South Korea introduces fresh regulations to protect cryptocurrency users from exchange collapses
Commencing in the coming month, cryptocurrency investors in South Korea can anticipate enhanced safeguards as a result of the government’s approval of new regulations designed to bolster user security in the event of a crypto exchange’s bankruptcy.
The Financial Services Commission (FSC) revealed on Tuesday that the enforcement decree, set to become effective on July 19, is part of a broader initiative to regulate the nation’s digital asset market.
Under the decree, Virtual Asset Service Providers (VASPs) are obligated to separate customer deposits from their operational funds, ensuring that they are held at reputable financial institutions.
Through this measure, South Korea aims to diminish the risks associated with potential exchange insolvencies, thereby fostering user trust in the Korean cryptocurrency market.
Additional protective measures include the requirement for VASPs to store a minimum of 80% of users’ digital assets in cold storage—offline systems renowned for their enhanced security against hacks and losses.
Depending on a VASP’s security outlook, regulators may impose an even higher cold storage requirement to mitigate the risks of fraudulent activities or operational closure.
In addition to bolstering user safety, the decree introduces stringent penalties for manipulative and fraudulent practices within the crypto market.
Perpetrators involved in exploiting the system may face a minimum of one year in prison or fines totaling five times the illegal profits acquired from their activities.
South Korea is also contemplating hundreds of crypto listings under the new law, as reported recently.
The decree also encompasses provisions for VASPs to impose restrictions on user deposits and withdrawals under specific conditions, thereby providing further control over irregular activities.
Lately, South Korea has been intensifying its legal actions against fraudsters who deceive crypto investors into surrendering their funds.
On May 21, South Korean authorities apprehended 19 members of a fraudulent social media chat group that had conned over 300 investors out of nearly $19 million.

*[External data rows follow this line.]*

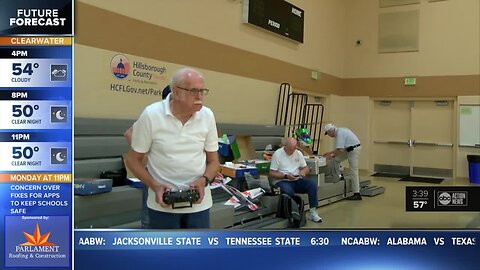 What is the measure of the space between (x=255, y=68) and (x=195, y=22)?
0.73 meters

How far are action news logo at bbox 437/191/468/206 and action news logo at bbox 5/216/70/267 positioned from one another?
60 centimetres

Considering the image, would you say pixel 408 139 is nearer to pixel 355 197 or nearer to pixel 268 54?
pixel 355 197

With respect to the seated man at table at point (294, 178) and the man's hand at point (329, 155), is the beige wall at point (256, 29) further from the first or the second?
the seated man at table at point (294, 178)

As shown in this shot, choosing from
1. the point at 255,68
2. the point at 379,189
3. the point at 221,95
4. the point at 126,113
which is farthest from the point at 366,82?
the point at 126,113

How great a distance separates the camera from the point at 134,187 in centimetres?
110

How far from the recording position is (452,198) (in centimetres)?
65

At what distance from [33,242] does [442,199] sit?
25.7 inches

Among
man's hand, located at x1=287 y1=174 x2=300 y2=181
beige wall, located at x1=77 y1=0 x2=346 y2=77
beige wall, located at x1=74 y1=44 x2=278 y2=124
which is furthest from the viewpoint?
man's hand, located at x1=287 y1=174 x2=300 y2=181

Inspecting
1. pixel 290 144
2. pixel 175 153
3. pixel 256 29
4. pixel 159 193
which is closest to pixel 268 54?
pixel 256 29

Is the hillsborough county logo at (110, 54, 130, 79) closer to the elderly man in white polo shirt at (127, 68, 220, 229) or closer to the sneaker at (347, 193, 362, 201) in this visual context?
the elderly man in white polo shirt at (127, 68, 220, 229)

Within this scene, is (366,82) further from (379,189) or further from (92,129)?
(92,129)

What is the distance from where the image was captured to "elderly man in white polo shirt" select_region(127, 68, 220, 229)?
91 centimetres

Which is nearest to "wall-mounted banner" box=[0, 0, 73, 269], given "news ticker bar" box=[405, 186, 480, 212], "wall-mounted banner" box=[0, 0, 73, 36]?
"wall-mounted banner" box=[0, 0, 73, 36]

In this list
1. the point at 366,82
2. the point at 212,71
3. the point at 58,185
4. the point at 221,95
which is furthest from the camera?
the point at 366,82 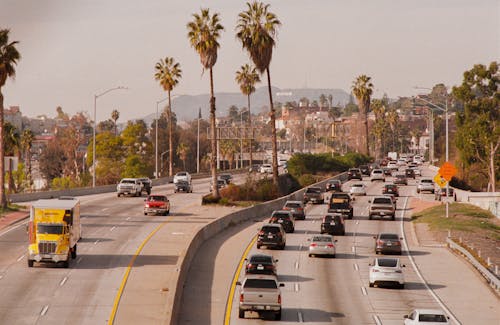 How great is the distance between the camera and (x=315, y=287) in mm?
42406

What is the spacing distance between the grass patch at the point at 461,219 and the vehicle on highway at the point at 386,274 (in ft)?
81.0

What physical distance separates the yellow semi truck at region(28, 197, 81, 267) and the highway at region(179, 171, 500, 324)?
635 centimetres

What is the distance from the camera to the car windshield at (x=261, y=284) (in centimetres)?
3350

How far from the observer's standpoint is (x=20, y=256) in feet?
160

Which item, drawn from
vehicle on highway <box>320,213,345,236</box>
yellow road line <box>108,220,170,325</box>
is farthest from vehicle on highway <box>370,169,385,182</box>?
yellow road line <box>108,220,170,325</box>

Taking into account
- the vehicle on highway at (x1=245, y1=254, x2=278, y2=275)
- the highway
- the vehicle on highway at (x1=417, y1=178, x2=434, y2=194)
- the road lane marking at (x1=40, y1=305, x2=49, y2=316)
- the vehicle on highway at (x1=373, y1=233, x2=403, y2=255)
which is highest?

Although South Korea has not yet implemented official taxation on crypto profits, the ongoing indecision surrounding the introduction of such levies has created a sense of uncertainty.
Nevertheless, tax authorities are actively monitoring the situation due to concerns that cryptocurrencies are being used to evade taxes.
On Feb. 22, crypto.news reported that a South Korean province successfully recovered $4.6 million worth of crypto in one year from 2,300 suspected tax evaders.